La décision a été prise lors du 58ᵉ Conseil des ministres et confirmée par le Vice-Premier ministre de l’Intérieur, Jacquemain Shabani. Les autorités annoncent la mise en place d’unités mixtes PCR–FARDC dans les carrefours et axes stratégiques. « Nous allons appliquer ces mesures dès lundi avec l’appui de l’armée. Cela donne l’espoir qu’il y aura du changement », a déclaré le chef de la police kinoise.
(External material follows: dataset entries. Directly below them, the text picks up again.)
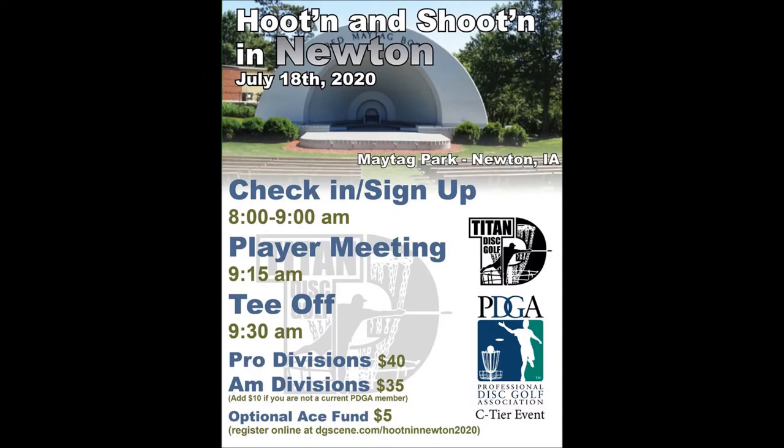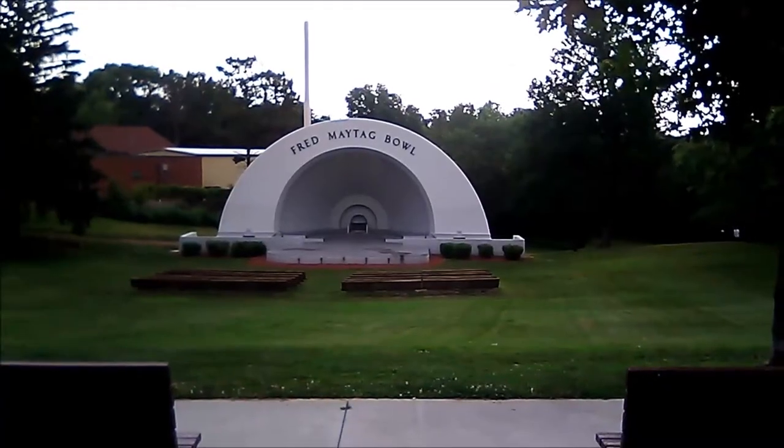Today we're going to Newton, Iowa to play Hootin' and Shootin' in Newton. It's July 18th. We just got here to Maytag Park in Newton. We've got some golfers practicing, the Fred Maytag Pool, and the Fred Maytag Bowl — that's the little stage over there.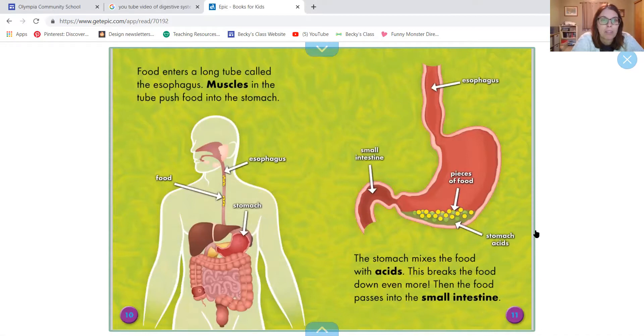Food enters a long tube called the esophagus. Muscles in the tube push food into the stomach. The stomach mixes the food with acids — and here's a close-up of the stomach in this picture. This breaks the food down even more. Remember when it gets broken down into this mushy kind of food and acid mix — that's the same as what we would see if we vomit.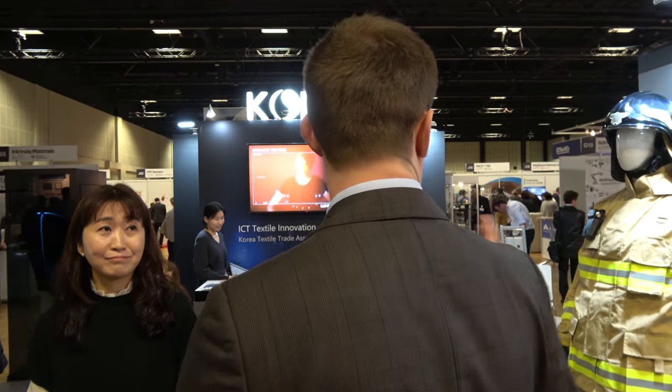Hi, we're here at the IDTechX show in Berlin, looking at this booth with innovation from textiles in Korea. Perhaps you can introduce who you are and tell us a bit about the company. Korea Textile Trader Association supports several textile companies developing e-textile products in Korea. Perhaps we could take a little walk around the booth and see what you're showing.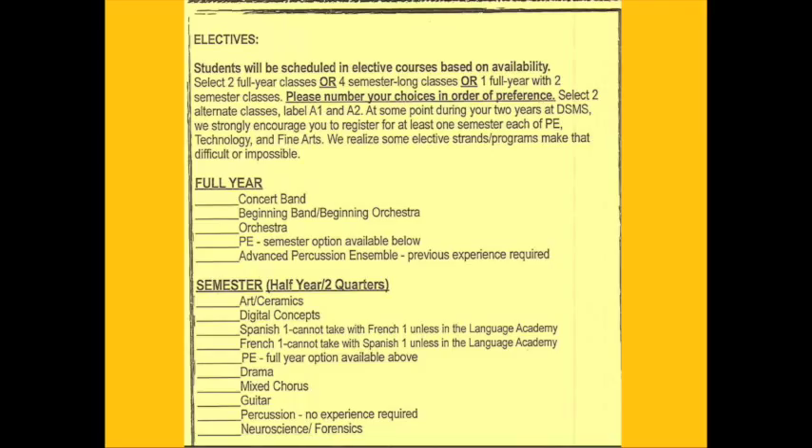The bottom half of the card shows semester-long classes. These classes last half the school year. These include Art and Ceramics, Digital Concepts, Spanish 1, French 1, PE, Drama, Mixed Chorus, Guitar, Percussion, and Neuroscience/Forensics. As you can see, we offer a lot of choices at Desert Shadows Middle School. Please be careful when making these choices. Be sure that you choose the classes you would like to take next year, because we hire teachers based on the choices that you make on this card.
Le gouvernement insiste aussi sur la discipline des policiers afin d’éviter les abus.
Une stratégie déjà en cours
Cette annonce vient renforcer une série de mesures déjà mises en œuvre sous l’impulsion de la Première ministre Judith Suminwa Tuluka, qui a fait de la fluidité du trafic une priorité politique et sociale.
- Déploiement policier renforcé sur 56 carrefours sensibles identifiés par une task force.
- Installation de caméras de surveillance et de feux intelligents équipés de plots rétractables (“MBASU”) pour contraindre au respect du feu rouge.
- Accélération des chantiers routiers, avec des travaux menés jour et nuit sur les artères secondaires afin de désengorger les grands axes.
- Coordination interministérielle réunissant Transports, Urbanisme, Infrastructures et Ville de Kinshasa pour harmoniser les interventions.
- Suivi rapproché de la Primature, avec des descentes régulières sur le terrain pour contrôler l’avancement des travaux.
La Première ministre a également salué la résilience des Kinois face aux perturbations liées aux chantiers, tout en rappelant que les nouvelles infrastructures – notamment les routes en béton de Maison Mbungu, de l’avenue du Tourisme ou de Delvaux – traduisent l’option de la durabilité.
Malgré ces efforts, les embouteillages restent aggravés par le manque de routes secondaires, l’explosion démographique et la multiplication des chantiers bloquant les grandes artères. C’est dans ce contexte que le gouvernement a décidé de mobiliser l’armée pour appuyer la police dans la gestion du trafic, une première dans la capitale.